Brief descriptive captions:

== == ==

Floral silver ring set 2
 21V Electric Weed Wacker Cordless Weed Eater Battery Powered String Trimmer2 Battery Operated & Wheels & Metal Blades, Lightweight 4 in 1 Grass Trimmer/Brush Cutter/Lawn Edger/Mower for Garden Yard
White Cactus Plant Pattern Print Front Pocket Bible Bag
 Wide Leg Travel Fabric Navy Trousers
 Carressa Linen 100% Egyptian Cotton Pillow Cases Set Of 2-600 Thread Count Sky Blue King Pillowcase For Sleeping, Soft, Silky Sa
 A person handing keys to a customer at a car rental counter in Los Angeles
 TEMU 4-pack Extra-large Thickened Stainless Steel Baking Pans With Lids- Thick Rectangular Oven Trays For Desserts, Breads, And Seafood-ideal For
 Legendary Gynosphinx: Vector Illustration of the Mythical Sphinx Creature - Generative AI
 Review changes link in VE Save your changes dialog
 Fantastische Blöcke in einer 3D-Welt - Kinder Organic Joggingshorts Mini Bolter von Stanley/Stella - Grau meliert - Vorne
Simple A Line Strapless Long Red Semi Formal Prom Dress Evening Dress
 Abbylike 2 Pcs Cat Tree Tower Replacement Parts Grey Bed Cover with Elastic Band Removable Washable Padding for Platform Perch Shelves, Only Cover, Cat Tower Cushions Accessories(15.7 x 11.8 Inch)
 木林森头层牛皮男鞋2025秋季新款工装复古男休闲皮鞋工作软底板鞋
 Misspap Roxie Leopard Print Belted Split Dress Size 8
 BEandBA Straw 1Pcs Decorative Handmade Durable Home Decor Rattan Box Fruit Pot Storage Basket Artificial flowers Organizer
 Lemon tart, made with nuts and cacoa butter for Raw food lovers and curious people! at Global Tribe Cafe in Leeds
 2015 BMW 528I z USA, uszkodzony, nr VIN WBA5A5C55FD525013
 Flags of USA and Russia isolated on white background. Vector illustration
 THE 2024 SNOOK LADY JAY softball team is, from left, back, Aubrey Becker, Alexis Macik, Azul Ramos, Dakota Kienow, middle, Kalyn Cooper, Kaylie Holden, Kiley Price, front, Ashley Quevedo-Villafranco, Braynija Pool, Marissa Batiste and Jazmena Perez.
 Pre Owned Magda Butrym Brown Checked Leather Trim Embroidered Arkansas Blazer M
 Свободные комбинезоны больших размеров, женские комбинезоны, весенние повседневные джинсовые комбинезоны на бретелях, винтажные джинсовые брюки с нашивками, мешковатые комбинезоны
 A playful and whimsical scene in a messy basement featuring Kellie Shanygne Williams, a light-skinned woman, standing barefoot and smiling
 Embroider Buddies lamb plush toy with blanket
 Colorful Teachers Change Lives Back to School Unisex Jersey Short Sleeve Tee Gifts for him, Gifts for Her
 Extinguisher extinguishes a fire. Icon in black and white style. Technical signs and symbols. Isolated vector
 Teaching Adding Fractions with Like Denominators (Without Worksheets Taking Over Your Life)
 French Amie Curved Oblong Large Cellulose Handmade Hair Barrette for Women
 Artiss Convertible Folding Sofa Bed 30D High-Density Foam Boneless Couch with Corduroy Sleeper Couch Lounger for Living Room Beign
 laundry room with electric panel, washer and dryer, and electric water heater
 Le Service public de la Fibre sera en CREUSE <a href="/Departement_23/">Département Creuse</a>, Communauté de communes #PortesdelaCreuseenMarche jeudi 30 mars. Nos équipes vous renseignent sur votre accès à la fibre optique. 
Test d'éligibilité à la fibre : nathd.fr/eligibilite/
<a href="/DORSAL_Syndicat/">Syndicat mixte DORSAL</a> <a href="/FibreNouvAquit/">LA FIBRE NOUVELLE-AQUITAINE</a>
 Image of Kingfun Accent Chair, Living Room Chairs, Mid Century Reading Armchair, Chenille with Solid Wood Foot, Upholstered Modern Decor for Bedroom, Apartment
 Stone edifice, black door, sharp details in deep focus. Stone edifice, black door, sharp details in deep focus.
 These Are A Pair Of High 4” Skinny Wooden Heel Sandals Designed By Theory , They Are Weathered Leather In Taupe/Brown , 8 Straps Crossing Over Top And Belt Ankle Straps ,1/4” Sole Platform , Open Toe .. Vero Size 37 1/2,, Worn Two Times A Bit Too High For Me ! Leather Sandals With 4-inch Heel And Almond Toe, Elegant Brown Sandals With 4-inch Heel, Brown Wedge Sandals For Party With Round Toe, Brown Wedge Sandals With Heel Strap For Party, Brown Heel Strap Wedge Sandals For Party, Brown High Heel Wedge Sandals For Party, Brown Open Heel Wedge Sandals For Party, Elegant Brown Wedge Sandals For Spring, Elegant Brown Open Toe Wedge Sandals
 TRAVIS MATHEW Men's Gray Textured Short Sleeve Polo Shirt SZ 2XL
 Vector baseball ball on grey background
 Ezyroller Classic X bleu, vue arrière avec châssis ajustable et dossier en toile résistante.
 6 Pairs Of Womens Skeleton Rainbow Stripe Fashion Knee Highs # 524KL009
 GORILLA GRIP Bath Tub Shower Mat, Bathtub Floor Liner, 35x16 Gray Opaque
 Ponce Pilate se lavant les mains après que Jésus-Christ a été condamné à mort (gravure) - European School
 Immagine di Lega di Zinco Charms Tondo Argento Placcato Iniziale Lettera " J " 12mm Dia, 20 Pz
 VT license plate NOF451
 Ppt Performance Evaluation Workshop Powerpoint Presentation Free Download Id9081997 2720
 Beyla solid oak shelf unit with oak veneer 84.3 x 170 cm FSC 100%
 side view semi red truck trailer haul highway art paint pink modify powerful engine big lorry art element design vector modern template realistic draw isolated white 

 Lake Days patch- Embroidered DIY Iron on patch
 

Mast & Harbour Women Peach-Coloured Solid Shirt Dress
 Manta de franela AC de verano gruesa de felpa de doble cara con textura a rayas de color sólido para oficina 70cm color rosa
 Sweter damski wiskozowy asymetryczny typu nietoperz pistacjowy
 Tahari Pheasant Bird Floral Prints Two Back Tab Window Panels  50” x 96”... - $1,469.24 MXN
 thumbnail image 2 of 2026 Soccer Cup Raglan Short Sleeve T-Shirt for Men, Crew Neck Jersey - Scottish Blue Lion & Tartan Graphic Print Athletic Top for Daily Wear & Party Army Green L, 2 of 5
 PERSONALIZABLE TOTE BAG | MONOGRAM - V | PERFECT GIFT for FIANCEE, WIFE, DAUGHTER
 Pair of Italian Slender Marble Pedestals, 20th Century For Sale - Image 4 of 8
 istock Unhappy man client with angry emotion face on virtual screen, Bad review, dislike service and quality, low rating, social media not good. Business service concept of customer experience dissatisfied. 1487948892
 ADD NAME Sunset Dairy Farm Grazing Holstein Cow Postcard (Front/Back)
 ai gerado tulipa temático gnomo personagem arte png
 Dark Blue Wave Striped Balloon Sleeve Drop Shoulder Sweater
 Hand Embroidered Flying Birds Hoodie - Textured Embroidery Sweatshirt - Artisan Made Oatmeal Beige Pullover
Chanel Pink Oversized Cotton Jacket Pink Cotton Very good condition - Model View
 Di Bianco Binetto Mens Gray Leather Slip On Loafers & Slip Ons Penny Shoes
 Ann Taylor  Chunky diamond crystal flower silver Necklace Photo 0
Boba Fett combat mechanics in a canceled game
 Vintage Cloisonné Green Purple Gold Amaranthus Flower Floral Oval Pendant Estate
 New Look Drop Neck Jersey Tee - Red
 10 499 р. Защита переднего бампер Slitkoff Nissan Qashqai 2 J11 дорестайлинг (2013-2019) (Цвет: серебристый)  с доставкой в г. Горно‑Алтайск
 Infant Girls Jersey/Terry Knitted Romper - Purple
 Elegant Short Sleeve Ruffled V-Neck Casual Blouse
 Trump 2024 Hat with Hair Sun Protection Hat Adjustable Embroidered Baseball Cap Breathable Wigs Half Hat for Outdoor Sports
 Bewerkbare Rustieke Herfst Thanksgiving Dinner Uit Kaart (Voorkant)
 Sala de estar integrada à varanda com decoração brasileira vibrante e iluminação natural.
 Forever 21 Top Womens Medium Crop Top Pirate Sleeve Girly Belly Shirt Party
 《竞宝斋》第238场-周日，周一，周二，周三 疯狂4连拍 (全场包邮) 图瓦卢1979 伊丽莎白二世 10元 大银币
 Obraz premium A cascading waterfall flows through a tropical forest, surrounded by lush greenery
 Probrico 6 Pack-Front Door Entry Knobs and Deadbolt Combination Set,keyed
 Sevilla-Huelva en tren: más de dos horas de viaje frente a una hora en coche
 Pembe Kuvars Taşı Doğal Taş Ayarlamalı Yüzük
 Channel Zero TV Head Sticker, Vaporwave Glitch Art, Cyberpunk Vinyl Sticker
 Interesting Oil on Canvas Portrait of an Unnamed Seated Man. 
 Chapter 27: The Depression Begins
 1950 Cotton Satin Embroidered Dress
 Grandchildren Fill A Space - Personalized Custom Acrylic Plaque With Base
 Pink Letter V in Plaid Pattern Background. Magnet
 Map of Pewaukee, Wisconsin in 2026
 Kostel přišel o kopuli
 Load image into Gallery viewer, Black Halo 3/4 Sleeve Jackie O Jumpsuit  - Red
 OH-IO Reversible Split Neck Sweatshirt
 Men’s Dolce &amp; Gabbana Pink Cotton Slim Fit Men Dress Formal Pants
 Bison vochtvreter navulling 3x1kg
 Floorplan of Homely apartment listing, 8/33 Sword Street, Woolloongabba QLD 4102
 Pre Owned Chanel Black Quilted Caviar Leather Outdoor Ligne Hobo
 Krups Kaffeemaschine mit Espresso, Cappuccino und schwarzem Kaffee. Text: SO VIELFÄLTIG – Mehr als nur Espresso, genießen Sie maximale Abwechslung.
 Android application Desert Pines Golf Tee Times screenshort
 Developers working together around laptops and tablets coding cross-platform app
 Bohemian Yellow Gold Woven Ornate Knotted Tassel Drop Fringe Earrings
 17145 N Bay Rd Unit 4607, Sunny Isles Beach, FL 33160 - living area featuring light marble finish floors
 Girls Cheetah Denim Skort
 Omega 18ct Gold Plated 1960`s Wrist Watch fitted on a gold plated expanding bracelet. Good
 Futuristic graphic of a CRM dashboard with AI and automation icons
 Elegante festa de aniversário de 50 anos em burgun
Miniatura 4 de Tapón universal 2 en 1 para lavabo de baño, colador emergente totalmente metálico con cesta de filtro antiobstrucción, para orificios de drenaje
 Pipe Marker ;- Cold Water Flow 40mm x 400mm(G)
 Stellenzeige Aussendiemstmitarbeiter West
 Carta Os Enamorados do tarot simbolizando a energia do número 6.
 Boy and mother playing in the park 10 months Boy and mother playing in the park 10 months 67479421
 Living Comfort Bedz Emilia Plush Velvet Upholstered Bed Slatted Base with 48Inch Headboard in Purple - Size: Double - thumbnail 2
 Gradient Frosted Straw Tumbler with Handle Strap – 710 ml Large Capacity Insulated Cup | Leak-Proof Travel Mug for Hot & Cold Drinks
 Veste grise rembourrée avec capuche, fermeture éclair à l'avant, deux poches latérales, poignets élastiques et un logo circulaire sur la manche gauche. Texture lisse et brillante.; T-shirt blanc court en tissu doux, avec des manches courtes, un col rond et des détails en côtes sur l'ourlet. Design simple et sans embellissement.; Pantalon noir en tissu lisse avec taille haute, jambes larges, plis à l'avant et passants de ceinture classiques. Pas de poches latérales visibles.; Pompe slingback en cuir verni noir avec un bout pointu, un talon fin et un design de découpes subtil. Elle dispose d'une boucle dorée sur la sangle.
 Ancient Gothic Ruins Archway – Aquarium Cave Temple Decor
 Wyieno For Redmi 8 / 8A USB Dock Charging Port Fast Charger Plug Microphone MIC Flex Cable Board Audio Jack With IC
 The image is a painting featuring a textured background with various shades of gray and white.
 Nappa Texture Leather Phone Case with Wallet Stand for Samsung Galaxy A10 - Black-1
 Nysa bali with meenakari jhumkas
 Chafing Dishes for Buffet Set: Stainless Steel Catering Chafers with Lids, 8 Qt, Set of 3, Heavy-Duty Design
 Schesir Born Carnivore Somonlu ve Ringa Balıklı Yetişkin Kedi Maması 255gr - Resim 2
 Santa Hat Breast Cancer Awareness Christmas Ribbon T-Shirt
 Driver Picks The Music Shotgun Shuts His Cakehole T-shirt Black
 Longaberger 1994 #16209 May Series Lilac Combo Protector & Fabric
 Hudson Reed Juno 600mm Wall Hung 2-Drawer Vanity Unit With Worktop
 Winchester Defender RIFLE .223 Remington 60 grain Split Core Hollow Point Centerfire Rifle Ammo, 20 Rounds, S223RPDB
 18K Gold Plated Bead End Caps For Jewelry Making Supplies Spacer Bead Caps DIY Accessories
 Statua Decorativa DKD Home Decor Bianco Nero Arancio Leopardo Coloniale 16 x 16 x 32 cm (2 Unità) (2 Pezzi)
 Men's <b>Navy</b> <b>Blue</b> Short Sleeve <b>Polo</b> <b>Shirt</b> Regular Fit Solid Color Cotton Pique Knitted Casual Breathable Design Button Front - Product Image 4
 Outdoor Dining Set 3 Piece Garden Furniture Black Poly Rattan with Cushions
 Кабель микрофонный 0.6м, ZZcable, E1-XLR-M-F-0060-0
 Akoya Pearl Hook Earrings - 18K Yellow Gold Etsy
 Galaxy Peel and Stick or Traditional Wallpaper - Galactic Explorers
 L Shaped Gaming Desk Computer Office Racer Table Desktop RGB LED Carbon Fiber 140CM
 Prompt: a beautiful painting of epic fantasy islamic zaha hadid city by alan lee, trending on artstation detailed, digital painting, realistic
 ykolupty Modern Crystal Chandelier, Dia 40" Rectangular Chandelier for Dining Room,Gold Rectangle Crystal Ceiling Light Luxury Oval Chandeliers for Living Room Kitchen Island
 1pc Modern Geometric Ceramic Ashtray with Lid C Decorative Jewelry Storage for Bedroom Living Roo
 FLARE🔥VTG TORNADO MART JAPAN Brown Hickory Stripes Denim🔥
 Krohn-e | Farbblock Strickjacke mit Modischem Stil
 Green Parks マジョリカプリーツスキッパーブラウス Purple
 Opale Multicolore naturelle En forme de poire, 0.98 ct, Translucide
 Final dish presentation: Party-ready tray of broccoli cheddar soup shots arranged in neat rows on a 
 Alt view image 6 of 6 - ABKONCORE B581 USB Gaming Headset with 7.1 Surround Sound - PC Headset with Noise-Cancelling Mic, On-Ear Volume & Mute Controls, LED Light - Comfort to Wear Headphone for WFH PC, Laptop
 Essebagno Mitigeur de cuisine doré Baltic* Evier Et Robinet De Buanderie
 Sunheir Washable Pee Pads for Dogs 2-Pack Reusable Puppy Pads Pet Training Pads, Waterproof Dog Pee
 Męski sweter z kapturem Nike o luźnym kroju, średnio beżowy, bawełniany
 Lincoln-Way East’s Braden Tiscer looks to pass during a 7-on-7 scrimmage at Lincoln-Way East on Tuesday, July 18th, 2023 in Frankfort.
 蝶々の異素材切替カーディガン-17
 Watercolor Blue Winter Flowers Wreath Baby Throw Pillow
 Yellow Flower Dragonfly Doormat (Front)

== == ==

*Work order:*
Give the exact lines, and only those, from the line containing "Nysa bali with meenakari jhumkas" through the line containing "Outdoor Dining Set" in the entries above.

*Solution for this problem:*
 Nysa bali with meenakari jhumkas
 Chafing Dishes for Buffet Set: Stainless Steel Catering Chafers with Lids, 8 Qt, Set of 3, Heavy-Duty Design
 Schesir Born Carnivore Somonlu ve Ringa Balıklı Yetişkin Kedi Maması 255gr - Resim 2
 Santa Hat Breast Cancer Awareness Christmas Ribbon T-Shirt
 Driver Picks The Music Shotgun Shuts His Cakehole T-shirt Black
 Longaberger 1994 #16209 May Series Lilac Combo Protector & Fabric
 Hudson Reed Juno 600mm Wall Hung 2-Drawer Vanity Unit With Worktop
 Winchester Defender RIFLE .223 Remington 60 grain Split Core Hollow Point Centerfire Rifle Ammo, 20 Rounds, S223RPDB
 18K Gold Plated Bead End Caps For Jewelry Making Supplies Spacer Bead Caps DIY Accessories
 Statua Decorativa DKD Home Decor Bianco Nero Arancio Leopardo Coloniale 16 x 16 x 32 cm (2 Unità) (2 Pezzi)
 Men's <b>Navy</b> <b>Blue</b> Short Sleeve <b>Polo</b> <b>Shirt</b> Regular Fit Solid Color Cotton Pique Knitted Casual Breathable Design Button Front - Product Image 4
 Outdoor Dining Set 3 Piece Garden Furniture Black Poly Rattan with Cushions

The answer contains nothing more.